先代社長のもとでは、バブルの追い風もあり出店を繰り返し、小売店舗を3つ出店するまで拡大しました。
しかし、バブルがはじけたあとはじわりじわりと業績が低迷し、後継者を連帯保証に入れるまでは、融資をしないとのことで、やむを得ずB社長は連帯保証の同意のハンコを押すことになりました。
あの時こうしてくれればよかったのに・・・後継者の不満
その後、B社長が腹をくくり、必要な教えを外部のメンターに請いながら、会社を縮小させながら立て直すことに成功しました。
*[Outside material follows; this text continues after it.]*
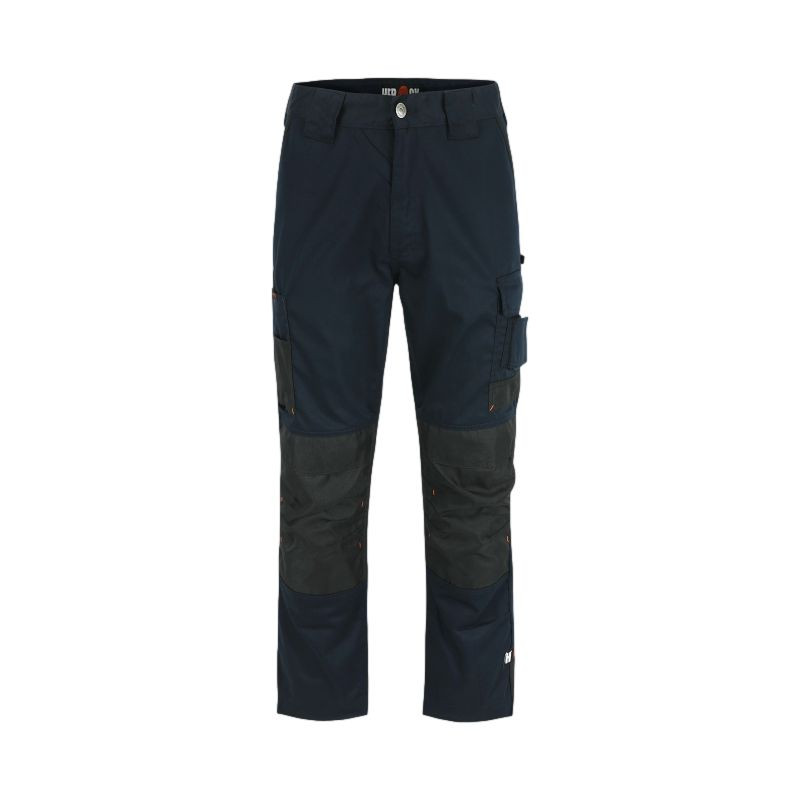 Pantalon de travail Mars court bleu marine 50 HEROCK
そうなるまでに7年もの歳月を要し、血のにじむような努力をしてきました。
今は順調に経営をされており、子どもにも十分な教育を受けさせることができています。
当時を振り返って、B社長はこうおっしゃいます。
「社長になってはじめて、会社の財務状況が大変なことになっていることを知った。もう少し早く、先代から教えてくれていたら、こんな大変な思いはせずに済んだのに」
先代の社長は、自分の代で会社を大変な状況にしてしまったという後ろめたさもあり、面と向かって後継のB社長に、会社の状況を言えなかったようです。
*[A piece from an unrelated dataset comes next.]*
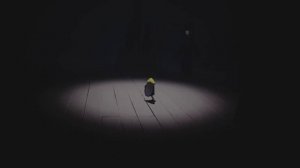 Little Nightmares - Хозяйка. Комната Хозяйки. Зеркало. Концовка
とはいえ、会社を継ぎ、継続していく使命を受け継ぐのは後継者です。
一旦社長の座を譲ったものの、会社の財務状況に怖くなって逃げだしたくなる後継者もいると思います。
事業承継にまつわる3つの後悔
「会社を継いだものの、会社の数字がよくわからなくて。」
実際にそう言ってご相談に来られる後継者の方も少なくありません。
中小企業庁の統計データでも、事業承継にまつわる3つの後悔として、このようにまとめられていました。
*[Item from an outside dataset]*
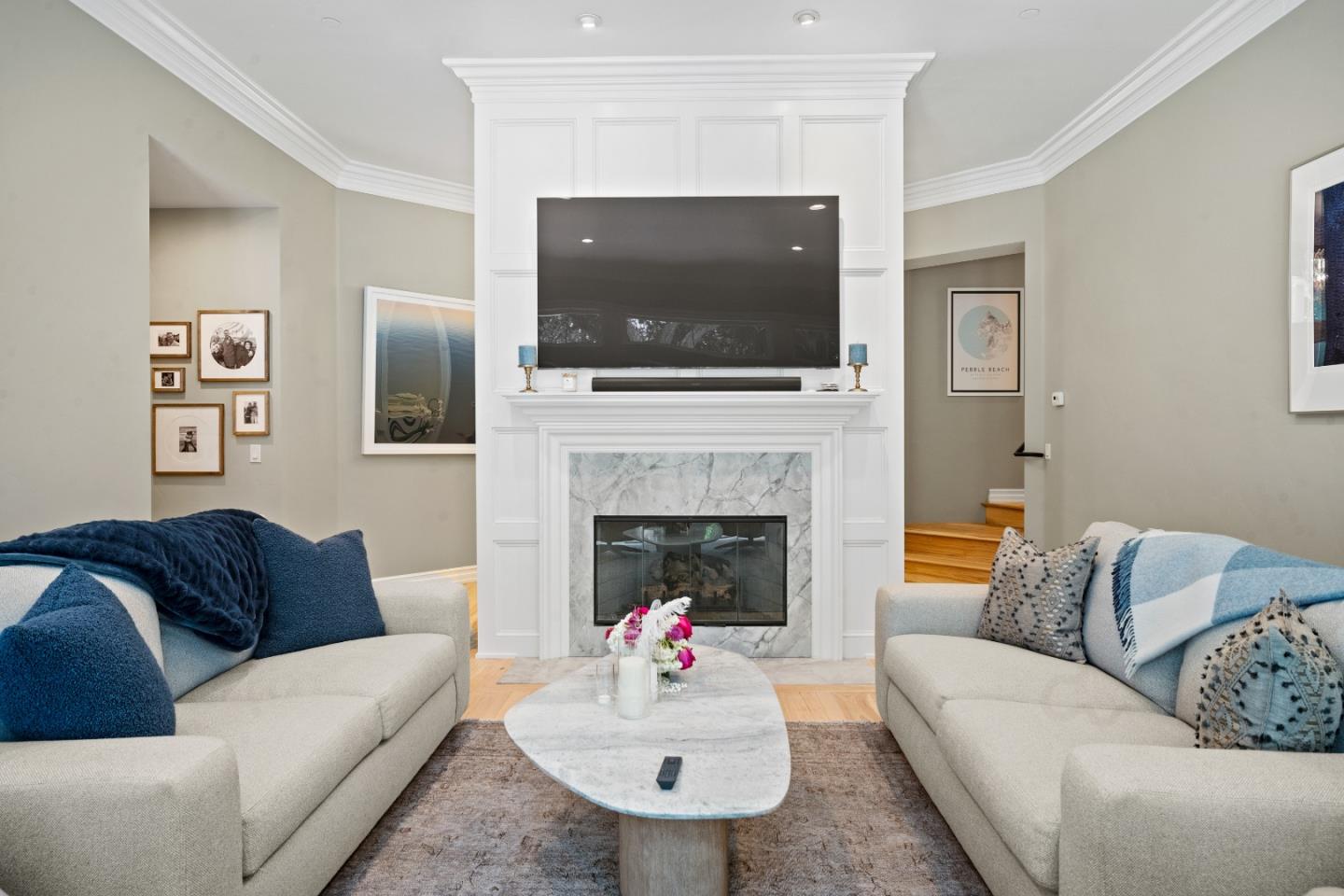 Detail Gallery Image 18 of 49 For 2823 Congress Rd, Pebble Beach,  CA 93953 - 4 Beds | 3/1 Baths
後継者が、「ちゃんと教えておいてくれたら、こんなに苦労しなくて済んだのに!」というものベスト3です。
1位:財務と会計の引継の後悔
ちゃんと財務内容や会計について、引き継いでおけばよかった。
2位:資金調達ノウハウの引継の後悔
金融機関をはじめとした資金調達の方法やノウハウを、引き継いでおけばよかった。
3位:会社と個人の借入金の引継の後悔
こんなに借入れがあるなら、 引き継がなかったのに。蓋を開けて見てびっくり。代表者連帯保証が重い。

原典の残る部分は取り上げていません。